**GIVEN RECORDS**
───
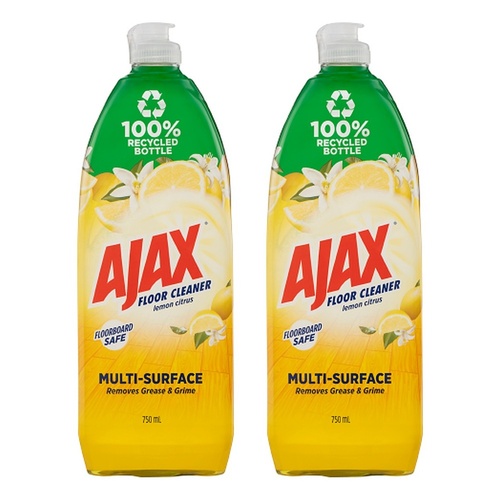 Ajax Floor Cleaner Lemon Citrus Burst 750mL Pack of 2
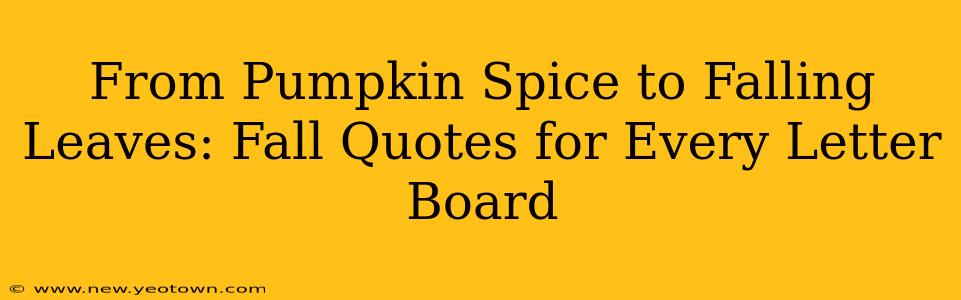 From Pumpkin Spice to Falling Leaves: Fall Quotes for Every Letter Board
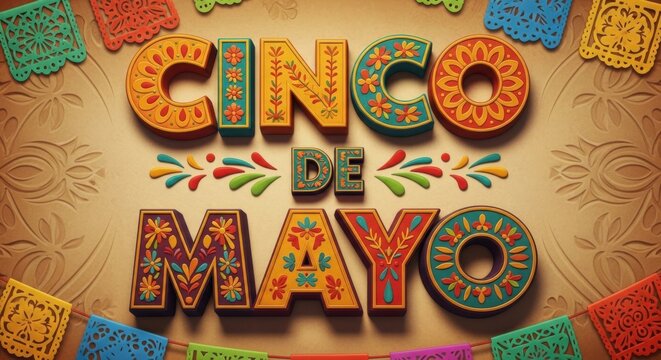 Cinco de Mayo festive colorful banner with papel picado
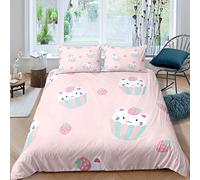 Loussiesd Cute Cat Duvet Cover White Cat In Cupcake Comforter Cover Strawberry Bedding Set For Kids Adults Pink Bedspread Cover Ultra Soft Room Decor Single Size Bedclothes Zipper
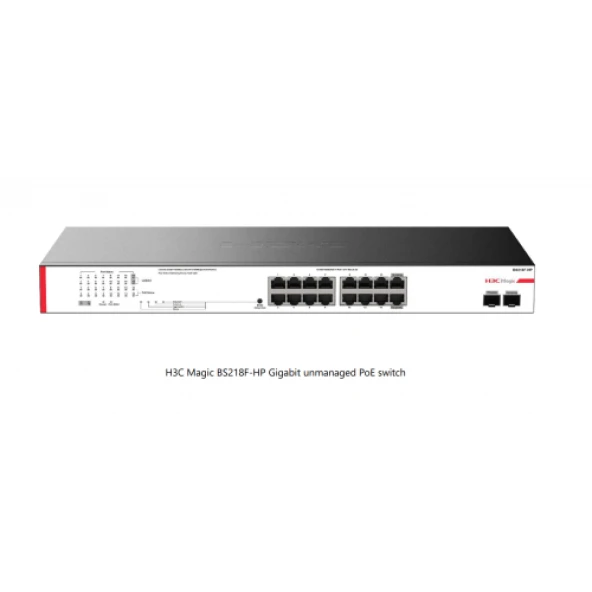 H3C Magic BS218F-HP, 18 Port, GigaBit, 16 Port PoE, 225W, 2 Port GigaBit Uplink, +2 Port GigaBit SFP, Metal Kasa, Yönetilemez, Rack Mount Switch ürün görseli 1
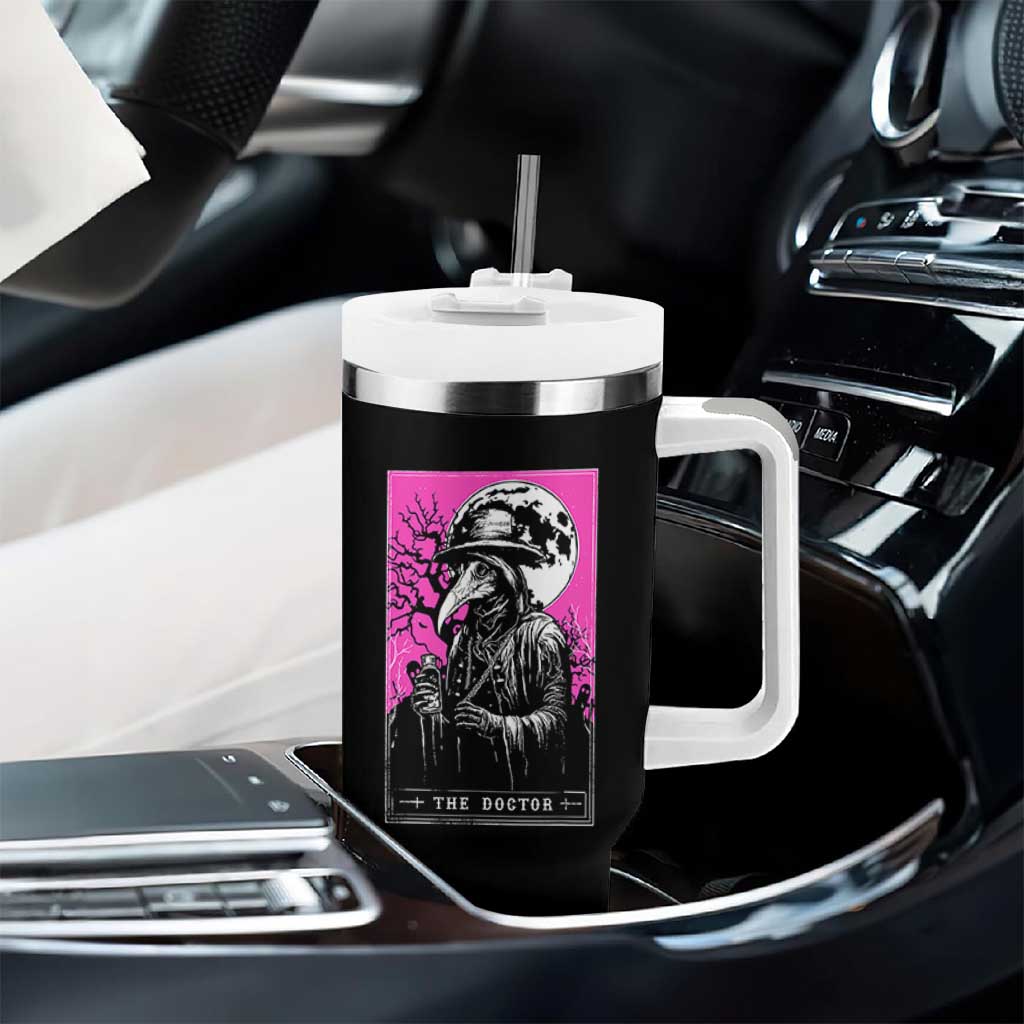 Plague Doctor Tarot Card Tumbler With Handle Mysterious Horror Death Occult Satanic - Wonder Print Shop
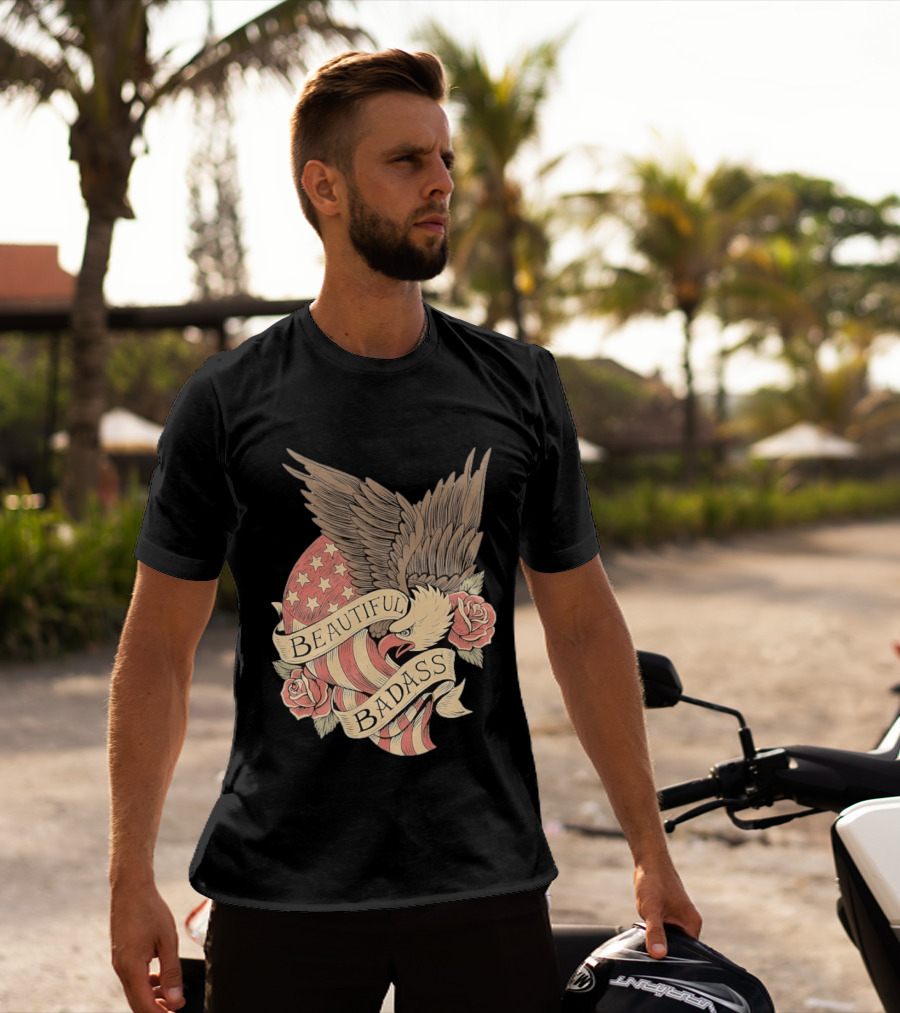 Beautiful Badass Eagle With American Flag And Roses T-Shirt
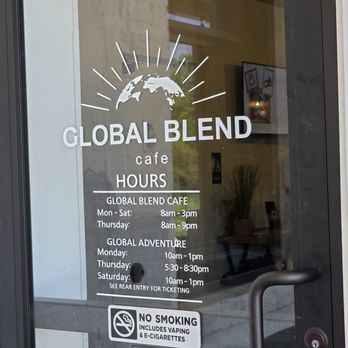 Global Blend Cafe - Their Hours of Operation engraved in the glass of its front door entrance. - Cafes Near Me - Roanoke, Virginia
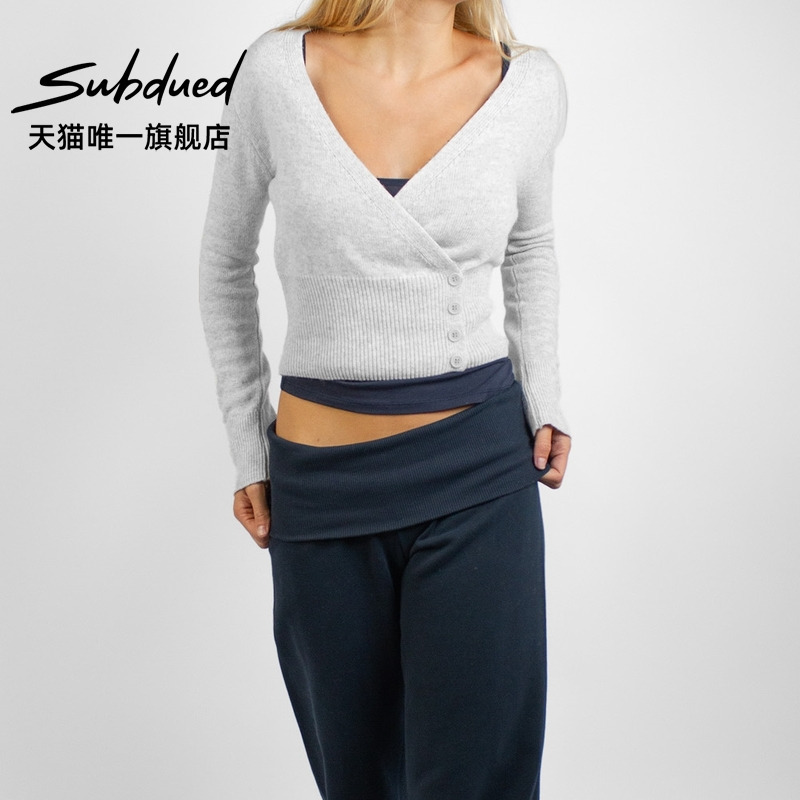Subdued Sweater 26 Early Autumn New Women's V-Neck Cross-Wrap Side-Button Slim-Fit Knit Pullover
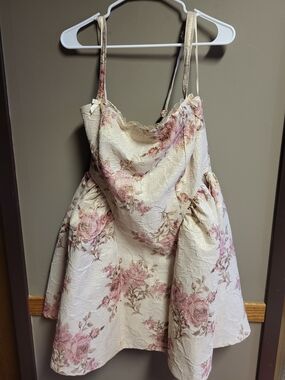 Francesca's Collections Cream Floral Prom Dress with Pink Roses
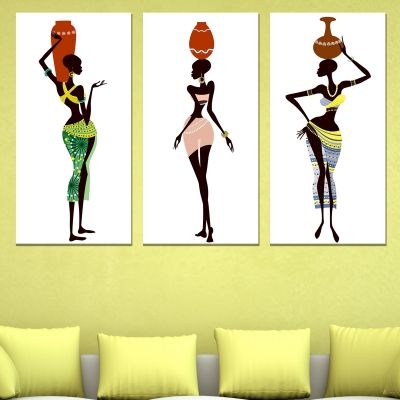 0195 Wall art decoration (set of 3 pieces) African women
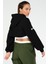 Tekno Trust Regular Siyah Regular Fit Kapüşonlu Pitikareli Kapitone Kadın Crop Sweatshirt Siyah Crop Örme 4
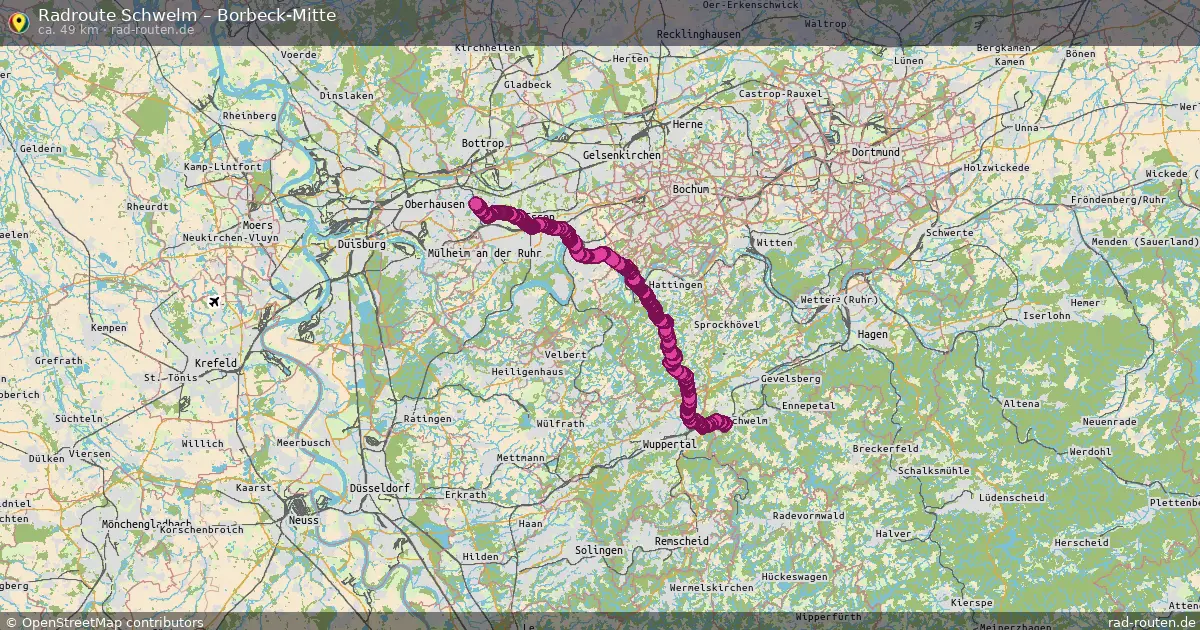 Fahrradroute Schwelm – Borbeck-Mitte (49 km) – Rad-Routen.de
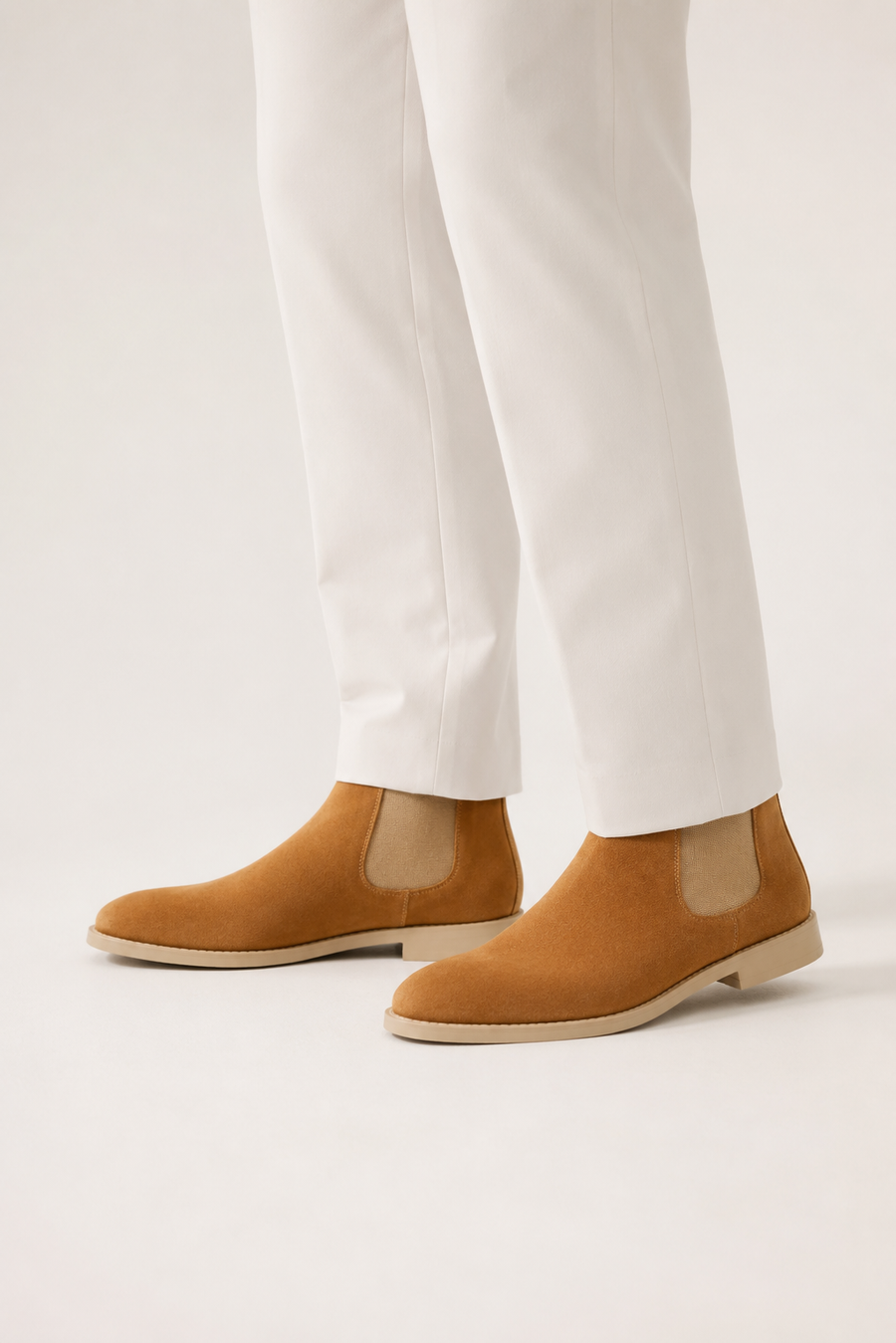 Chelsea-Boot aus Veloursleder · Bernstein — Ansicht 4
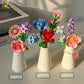 HUIQIBAO MOC Eternal Flower Bouquet with pot Micro Building Block Sunflower Rose Mini Model Brick Toy home Desk Decoration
───
**INSTRUCTIONS FOR THE TASK**
Copy out exactly the lines above beginning with the line that contains "Beautiful Badass Eagle" and finishing with the line that contains "Subdued Sweater 26", including both; leave the pictures out.

**ANSWER BELOW**
 Beautiful Badass Eagle With American Flag And Roses T-Shirt
 Global Blend Cafe - Their Hours of Operation engraved in the glass of its front door entrance. - Cafes Near Me - Roanoke, Virginia
Subdued Sweater 26 Early Autumn New Women's V-Neck Cross-Wrap Side-Button Slim-Fit Knit Pullover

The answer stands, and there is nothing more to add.